2002

Adios Roy - Keane’s Saipan departure grips the nation




The year in review


On occasion, a sports story transfixes the public attention, almost to the exclusion of everything else that’s happening in the country at the time, as when Roy Keane departed Saipan in May, 2002.

His side of it was that training facilities in Saipan were way below par. Accusations and recriminations abounded as old hurts and slights were dredged up between Mick McCarthy, Keane and his (former) teammates. The country debated who was the bigger man in the row, and whether we needed Roy Keane at all.

The bitter row left a sting still felt nearly 10 years later, when Keane commented after the ‘Hand of Henri’ handball incident (covered again in our review of 2010): “What goes around, comes around”, after referring earlier to “what went on” in Saipan.

2002 also saw the introduction of the Euro on January 1, the re-election of the Fianna Fáil-PD coalition and an apology from the IRA for the deaths of 650 civilians during its 30-year campaign.

In the UK, the bodies of schoolgirls Holly Wells and Jessica Chapman were found two weeks after they disappeared. School caretaker Ian Huntley was later convicted of their murders.

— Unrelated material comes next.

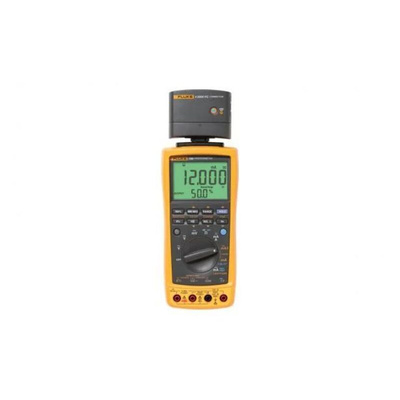 Fluke 789 Multi Function Calibrator, 1A ac, 1000V ac, 203 x 100 x 50mm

In October, the Bali bombing is described as “as the worst act of terror in Indonesia’s history”. Two hundred and two people die in the nightclub blast. Just two weeks later, 129 hostages are killed in a Moscow theatre when Russian forces storm the building

Late in the year, Michael Jackson shocked his fans when he held his baby son, Prince Michael II, over a fourth-floor balcony in Berlin. Jacko later apologised, saying he had made “a terrible mistake”.